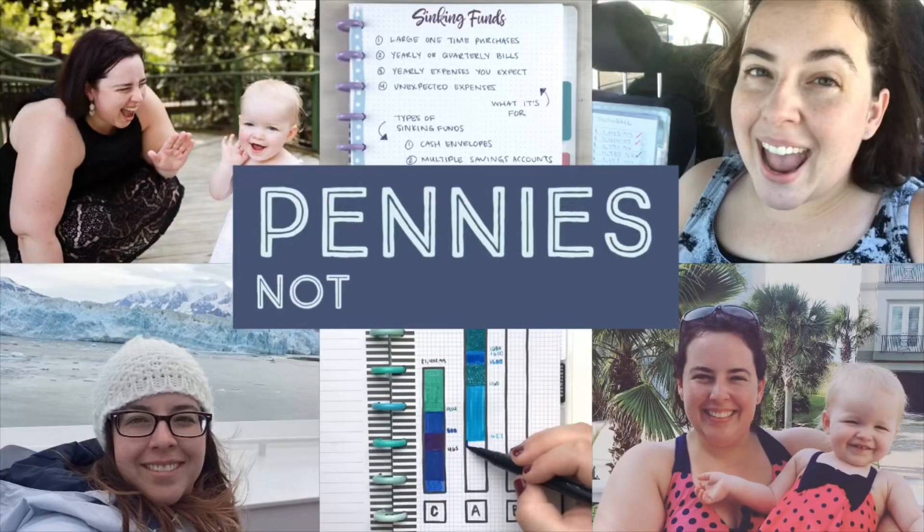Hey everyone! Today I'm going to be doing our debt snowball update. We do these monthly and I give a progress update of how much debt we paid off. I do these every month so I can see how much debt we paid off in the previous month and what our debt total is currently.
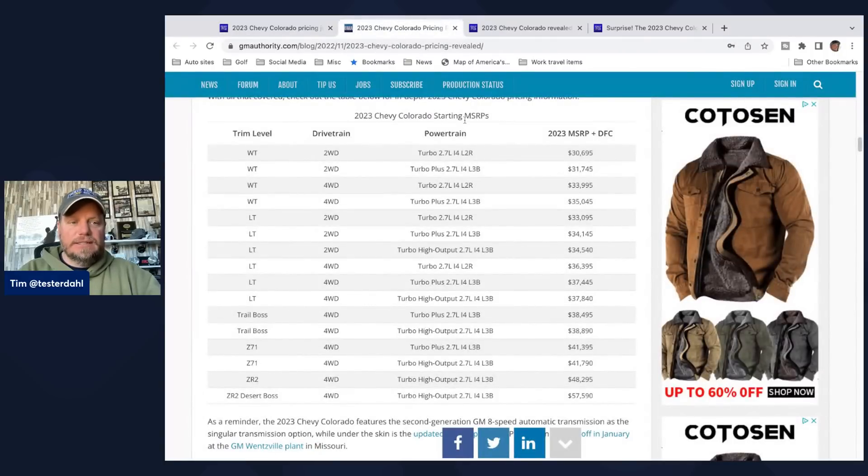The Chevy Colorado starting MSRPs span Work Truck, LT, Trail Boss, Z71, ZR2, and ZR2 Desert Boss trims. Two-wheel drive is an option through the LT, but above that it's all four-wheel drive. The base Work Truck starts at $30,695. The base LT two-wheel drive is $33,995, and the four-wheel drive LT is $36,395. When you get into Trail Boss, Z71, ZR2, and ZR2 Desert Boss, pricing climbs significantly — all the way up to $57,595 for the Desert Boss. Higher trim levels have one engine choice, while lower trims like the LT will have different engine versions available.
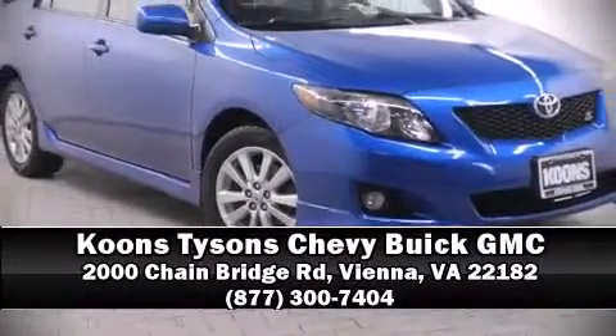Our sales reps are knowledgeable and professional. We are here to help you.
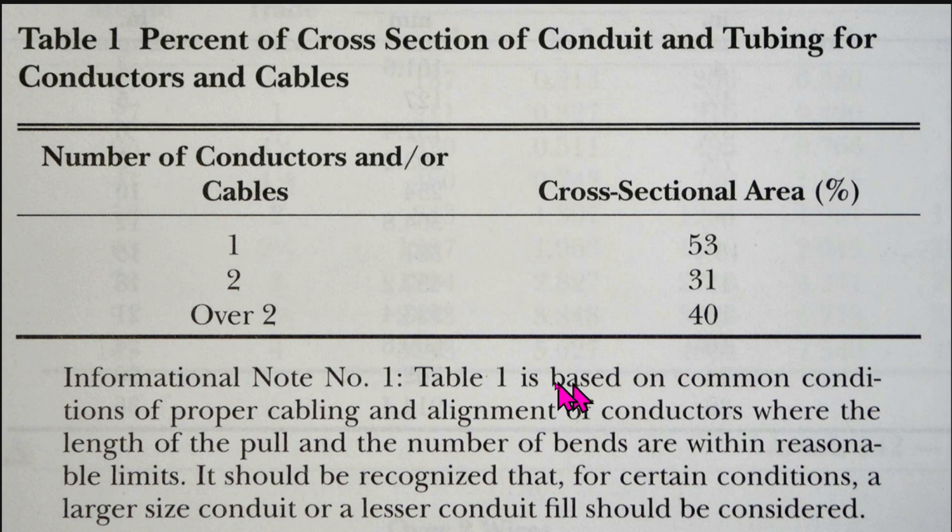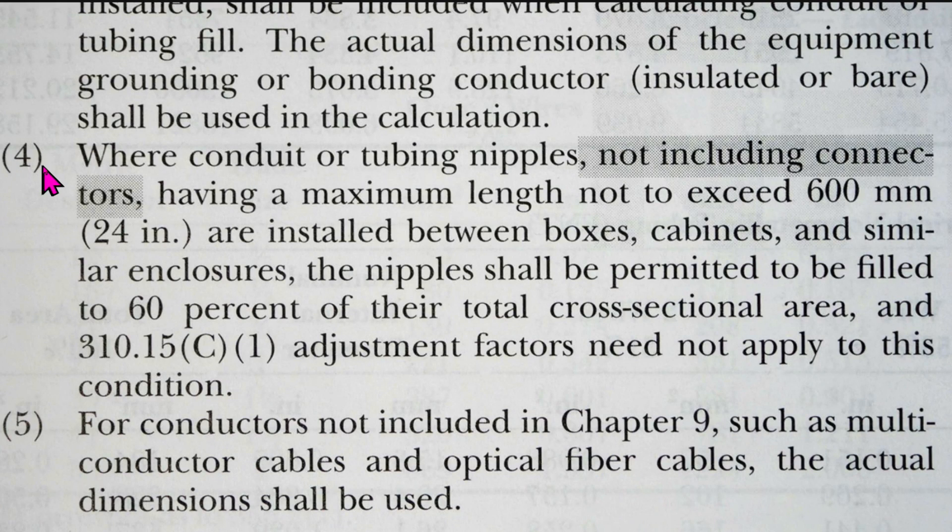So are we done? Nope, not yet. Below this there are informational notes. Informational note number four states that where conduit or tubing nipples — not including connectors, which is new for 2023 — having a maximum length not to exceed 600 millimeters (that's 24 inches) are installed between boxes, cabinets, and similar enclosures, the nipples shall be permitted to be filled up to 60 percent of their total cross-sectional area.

* * *

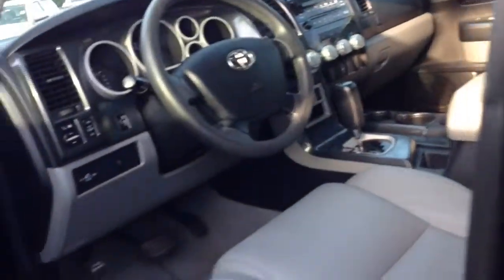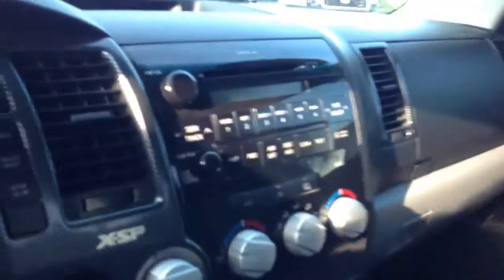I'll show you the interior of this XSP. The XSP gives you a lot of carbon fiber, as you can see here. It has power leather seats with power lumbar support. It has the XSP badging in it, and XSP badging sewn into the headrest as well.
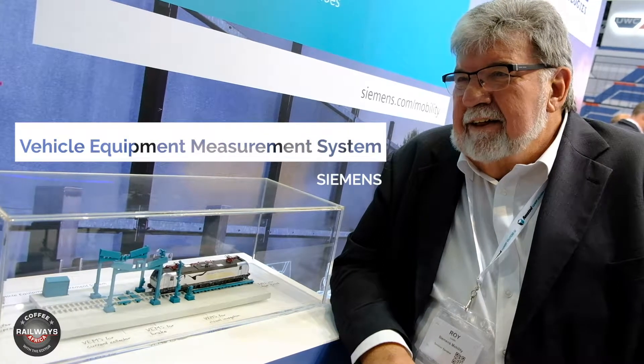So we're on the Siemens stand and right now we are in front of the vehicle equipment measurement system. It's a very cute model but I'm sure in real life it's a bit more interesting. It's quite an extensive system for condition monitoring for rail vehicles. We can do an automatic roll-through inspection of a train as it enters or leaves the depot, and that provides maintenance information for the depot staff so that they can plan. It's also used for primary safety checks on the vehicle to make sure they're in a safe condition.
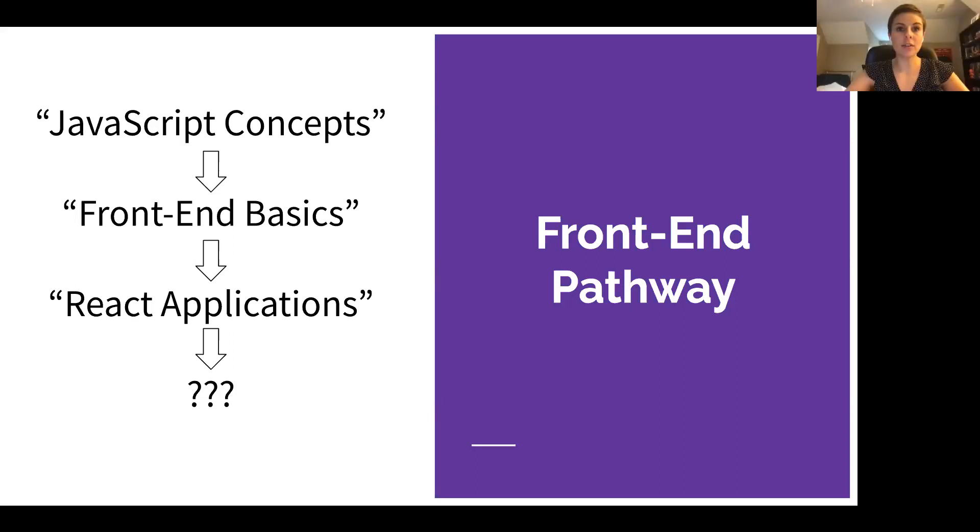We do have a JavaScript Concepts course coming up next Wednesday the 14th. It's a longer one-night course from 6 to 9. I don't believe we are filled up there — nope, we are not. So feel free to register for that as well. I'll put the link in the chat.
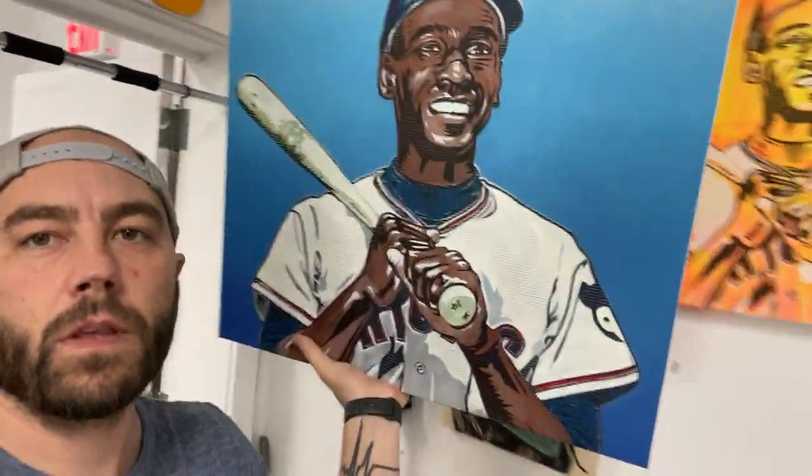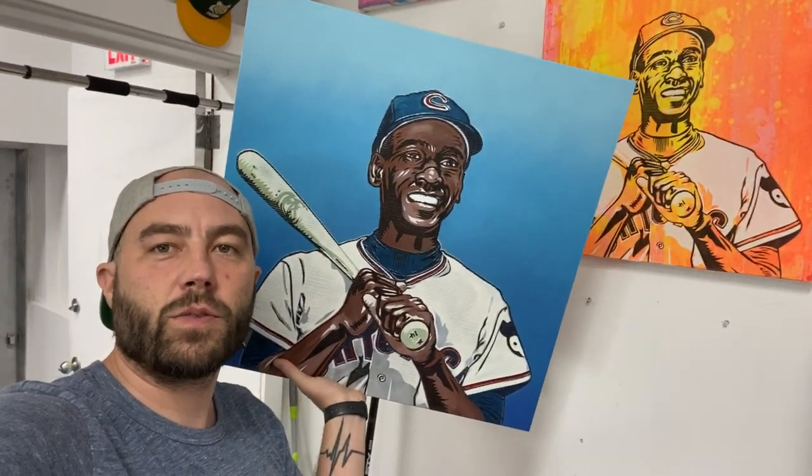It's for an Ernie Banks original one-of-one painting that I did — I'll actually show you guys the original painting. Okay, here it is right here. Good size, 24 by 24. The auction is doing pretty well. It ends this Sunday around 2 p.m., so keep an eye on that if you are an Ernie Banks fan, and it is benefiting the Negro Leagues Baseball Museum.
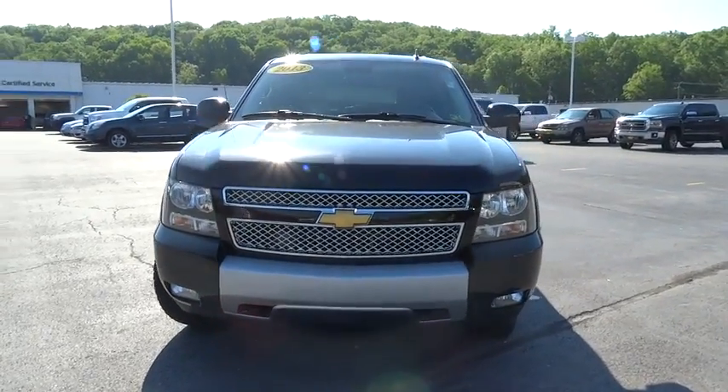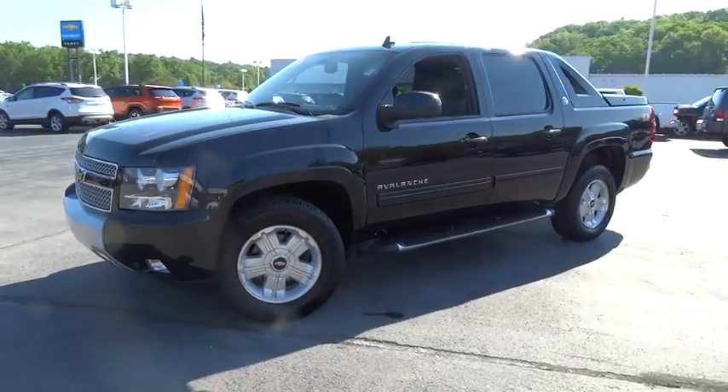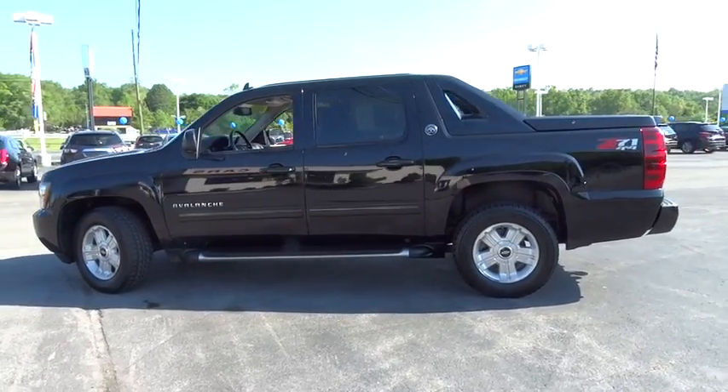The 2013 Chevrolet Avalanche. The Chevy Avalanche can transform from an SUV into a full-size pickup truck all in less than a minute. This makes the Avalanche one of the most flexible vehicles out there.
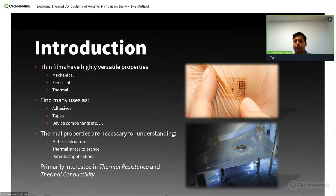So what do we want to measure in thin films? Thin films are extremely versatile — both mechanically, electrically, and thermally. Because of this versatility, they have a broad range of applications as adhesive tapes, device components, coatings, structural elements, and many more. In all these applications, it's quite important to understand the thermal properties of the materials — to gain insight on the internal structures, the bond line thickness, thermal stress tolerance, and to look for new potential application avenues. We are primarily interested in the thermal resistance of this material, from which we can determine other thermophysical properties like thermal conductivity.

What to work on ▸ Using the listing above, repeat word for word each line from the one with "The 2013 Chevrolet" down to the one with "So what do we", both included. Omit all pictures.

Task solution ▸
The 2013 Chevrolet Avalanche. The Chevy Avalanche can transform from an SUV into a full-size pickup truck all in less than a minute. This makes the Avalanche one of the most flexible vehicles out there.
So what do we want to measure in thin films? Thin films are extremely versatile — both mechanically, electrically, and thermally. Because of this versatility, they have a broad range of applications as adhesive tapes, device components, coatings, structural elements, and many more. In all these applications, it's quite important to understand the thermal properties of the materials — to gain insight on the internal structures, the bond line thickness, thermal stress tolerance, and to look for new potential application avenues. We are primarily interested in the thermal resistance of this material, from which we can determine other thermophysical properties like thermal conductivity.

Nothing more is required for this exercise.